For those who don't know the company, nVent is a play on connection and protection in the electrical sector. As such, it's a beneficiary of the trend toward electrification in the economy.

A data center worker.

Image source: Getty Images.

Key end markets include the industrial sector (43% of sales), where investment in automation and digital solutions are driving growth. Construction (28%) is another important market, and the bounce in nonresidential construction in 2022 will help, as will the long-term trend toward electrification and smart buildings. Across infrastructure (21%), nVent is seeing strong growth from spending related to data centers, 5G, renewable energy, and electric vehicles (EVs). Lastly, the bounce in energy prices and increasing use of digital technology in energy will help nVent.

For reference, nVent sells electrical enclosure boxes, electrical and fastening solutions, and thermal management products. Its solutions are a crucial part of a company's safety needs and meeting regulatory requirements. Put simply, it's a pick-and-shovel play on electrification in the economy.

Three reasons to buy nVent

I'll cut to the chase:

  • The recent fourth-quarter results demonstrated the strong growth trends in its end markets, which are likely to continue in 2022.
  • Unlike many companies reporting this earnings season, nVent management more than offset cost inflation with price increases, while not having any significant issues dealing with stronger-than-expected volume demand.
  • nVent's valuation is very attractive on an absolute and relative basis.

End-market growth

At the time of nVent's third-quarter earnings report, management forecast that organic sales growth would be in the 9% to 12% range in the fourth quarter, but it came in with a whopping 24% improvement.

All three segments reported strong growth, and management expects all its industrial verticals to grow in 2022. If it isn't 5G and data center spending, it's an investment in renewables and EVs.

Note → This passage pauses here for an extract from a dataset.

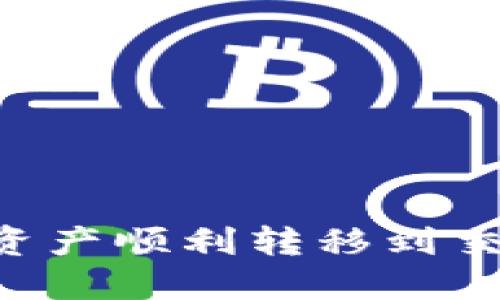 如何将TPWallet中的数字资产顺利转移到交易所？全面攻略与实用指南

Meanwhile, industrial companies have accelerated investment in automation, as evidenced by Rockwell Automation's earnings and outlook. In addition, spending on smart buildings and automation in buildings is set for long-term growth, according to Johnson Controls. Finally, there are real signs that energy companies are starting to spend again, given high energy prices and a lack of investment in previous years.

nVent Segment

Fourth- Quarter Sales

Year-Over-Year Organic Growth

Enclosures

$332 million

35%

Electrical & fastening solutions

$171 million

17%

Thermal management

$166 million

16%

Data source: nVent presentations.

Managing inflationary and supply chain pressures

Given the highly inflationary environment and the ongoing supply chain issues dogging the economy, investors have a crucial question: whether a company can fully offset cost increases with price increases. In this case, it's a yes. For example, on the earnings call, chief financial officer Sara Zawoyski said cost inflation (raw materials, wages, freight, and logistics) was $58 million in the quarter, but price increases added $62 million.

On a related note, the supply chain issues have created cost pressure and a lack of product availability that have restricted some companies' ability to meet volume demand. But again, that wasn't the case with nVent in the fourth quarter, where volume increased by 12%. Moreover, CEO Beth Wozniak said the company had been investing in capacity, and "we would expect that we're going to have some nice volume growth" in 2022.

A stock to buy

Turning to valuation, nVent's metrics stand at a discount to Hubbell (HUBB 0.34%) and Eaton (ETN -0.40%), two other stocks focused on electrification.

NVT Price to Free Cash Flow Chart

NVT price to free cash flow. Data by YCharts.

In addition, management's full-year guidance calls for organic sales growth of 6% to 9% with adjusted earnings per share of $2.10 to $2.20. Another year of converting adjusted net income into free cash flow (FCF) at a 100% rate would mean around $360 million in FCF, putting nVent on a forward price-to-FCF multiple of less than 16 times FCF. That's an excellent valuation, and the current dip is creating a good buying opportunity.